Scraped caption text data:
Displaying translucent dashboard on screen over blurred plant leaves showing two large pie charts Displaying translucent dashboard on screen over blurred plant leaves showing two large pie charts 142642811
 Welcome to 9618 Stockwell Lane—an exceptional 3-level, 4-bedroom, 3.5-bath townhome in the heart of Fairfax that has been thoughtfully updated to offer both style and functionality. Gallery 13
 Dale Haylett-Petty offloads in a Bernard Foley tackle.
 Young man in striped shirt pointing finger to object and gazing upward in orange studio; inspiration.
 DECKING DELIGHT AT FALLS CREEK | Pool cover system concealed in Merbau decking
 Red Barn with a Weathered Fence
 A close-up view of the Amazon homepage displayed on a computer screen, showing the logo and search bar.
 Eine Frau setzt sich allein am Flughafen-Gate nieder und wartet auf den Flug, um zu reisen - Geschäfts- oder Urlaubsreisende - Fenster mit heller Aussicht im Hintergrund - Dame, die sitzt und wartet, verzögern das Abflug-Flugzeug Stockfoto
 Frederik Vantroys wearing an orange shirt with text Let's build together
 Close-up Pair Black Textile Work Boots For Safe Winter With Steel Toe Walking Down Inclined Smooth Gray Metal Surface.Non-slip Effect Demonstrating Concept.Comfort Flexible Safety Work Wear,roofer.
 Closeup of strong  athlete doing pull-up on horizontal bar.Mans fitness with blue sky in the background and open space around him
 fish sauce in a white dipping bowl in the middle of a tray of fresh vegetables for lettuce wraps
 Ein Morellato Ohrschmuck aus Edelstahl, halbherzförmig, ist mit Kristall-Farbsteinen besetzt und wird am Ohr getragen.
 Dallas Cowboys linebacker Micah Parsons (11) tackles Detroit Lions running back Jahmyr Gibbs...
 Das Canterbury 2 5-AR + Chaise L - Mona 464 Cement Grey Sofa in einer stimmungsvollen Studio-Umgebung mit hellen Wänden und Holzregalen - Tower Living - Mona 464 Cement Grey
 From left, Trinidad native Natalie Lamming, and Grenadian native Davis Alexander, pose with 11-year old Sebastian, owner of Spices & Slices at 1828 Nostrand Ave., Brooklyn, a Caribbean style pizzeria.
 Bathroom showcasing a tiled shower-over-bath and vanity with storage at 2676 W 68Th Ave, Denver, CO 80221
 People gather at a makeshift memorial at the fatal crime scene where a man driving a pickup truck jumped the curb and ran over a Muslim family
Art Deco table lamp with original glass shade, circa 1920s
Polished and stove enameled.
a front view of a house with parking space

## What you should do
Copy each entry above exactly, leaving nothing out.

## Response area
Displaying translucent dashboard on screen over blurred plant leaves showing two large pie charts Displaying translucent dashboard on screen over blurred plant leaves showing two large pie charts 142642811
 Welcome to 9618 Stockwell Lane—an exceptional 3-level, 4-bedroom, 3.5-bath townhome in the heart of Fairfax that has been thoughtfully updated to offer both style and functionality. Gallery 13
 Dale Haylett-Petty offloads in a Bernard Foley tackle.
 Young man in striped shirt pointing finger to object and gazing upward in orange studio; inspiration.
 DECKING DELIGHT AT FALLS CREEK | Pool cover system concealed in Merbau decking
 Red Barn with a Weathered Fence
 A close-up view of the Amazon homepage displayed on a computer screen, showing the logo and search bar.
 Eine Frau setzt sich allein am Flughafen-Gate nieder und wartet auf den Flug, um zu reisen - Geschäfts- oder Urlaubsreisende - Fenster mit heller Aussicht im Hintergrund - Dame, die sitzt und wartet, verzögern das Abflug-Flugzeug Stockfoto
 Frederik Vantroys wearing an orange shirt with text Let's build together
 Close-up Pair Black Textile Work Boots For Safe Winter With Steel Toe Walking Down Inclined Smooth Gray Metal Surface.Non-slip Effect Demonstrating Concept.Comfort Flexible Safety Work Wear,roofer.
 Closeup of strong  athlete doing pull-up on horizontal bar.Mans fitness with blue sky in the background and open space around him
 fish sauce in a white dipping bowl in the middle of a tray of fresh vegetables for lettuce wraps
 Ein Morellato Ohrschmuck aus Edelstahl, halbherzförmig, ist mit Kristall-Farbsteinen besetzt und wird am Ohr getragen.
 Dallas Cowboys linebacker Micah Parsons (11) tackles Detroit Lions running back Jahmyr Gibbs...
 Das Canterbury 2 5-AR + Chaise L - Mona 464 Cement Grey Sofa in einer stimmungsvollen Studio-Umgebung mit hellen Wänden und Holzregalen - Tower Living - Mona 464 Cement Grey
 From left, Trinidad native Natalie Lamming, and Grenadian native Davis Alexander, pose with 11-year old Sebastian, owner of Spices & Slices at 1828 Nostrand Ave., Brooklyn, a Caribbean style pizzeria.
 Bathroom showcasing a tiled shower-over-bath and vanity with storage at 2676 W 68Th Ave, Denver, CO 80221
 People gather at a makeshift memorial at the fatal crime scene where a man driving a pickup truck jumped the curb and ran over a Muslim family
Art Deco table lamp with original glass shade, circa 1920s
Polished and stove enameled.
a front view of a house with parking space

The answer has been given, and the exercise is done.